We reported a single case of 7-year-old Chinese female patient who presented with fever, abdominal pain, multiple lymphadenopathy, hepatosplenomegaly, left lower extremity ecchymosis, and bloody stool. The patient received anti-inflammatory therapy; however, her symptoms did not improve. Consequently, she was diagnosed with T.marneffei and HIV infection; it was also confirmed that her mother did not undergo HIV blocking therapy during pregnancy. Yet, the child\'s family refused all treatment, after which the child was discharged from the hospital. The patient died a few days later.

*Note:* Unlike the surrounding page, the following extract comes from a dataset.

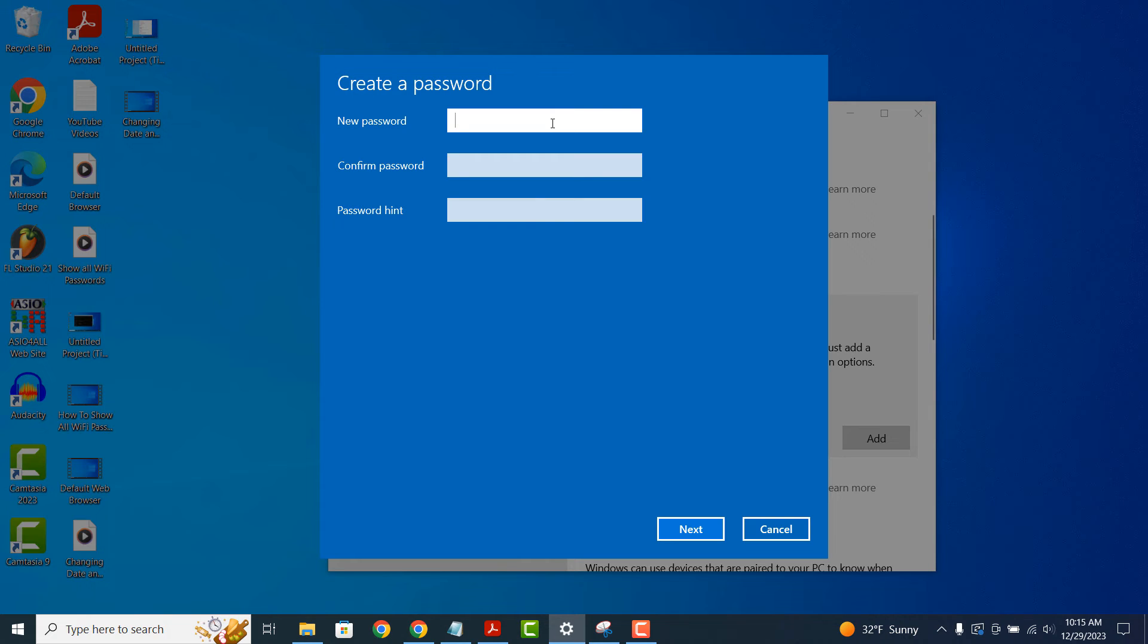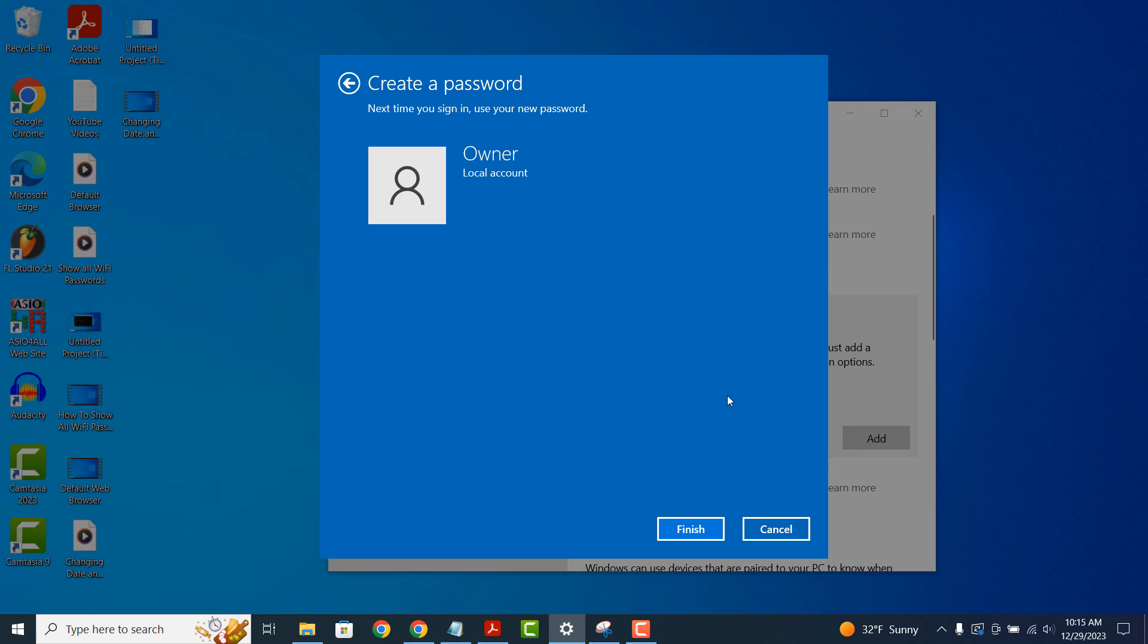For demo purposes I'm going to add a password to both fields. Now for the password to apply I'm going to click on the next button and then on the next screen click on the finish button.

This case suggested that children with AIDS suffering from fever, lymphadenopathy and coagulation dysfunction, penicilliosis should be suspected. Clinicians should diagnose the disease early through laboratory and imaging results, which can help reduce the mortality, prolong the survival time and improve the quality of life of children.
我们报告了一例7岁的中国女性患者出现发烧,腹痛,多发性淋巴结病,肝脾肿大,左下肢瘀斑,还有血淋淋的凳子.患者接受了抗炎治疗;然而,她的症状没有改善。因此,她被诊断出患有T.marneffei和HIV感染;还证实她的母亲在怀孕期间没有接受HIV阻断治疗。然而,孩子的家人拒绝了所有的治疗,之后孩子出院了。患者几天后死亡。
这个病例提示患有艾滋病的儿童发烧,淋巴结病和凝血功能障碍,应该怀疑青霉病。临床医生应通过实验室和影像学结果早期诊断疾病,这可以帮助降低死亡率,延长患儿的生存时间,提高患儿的生活质量。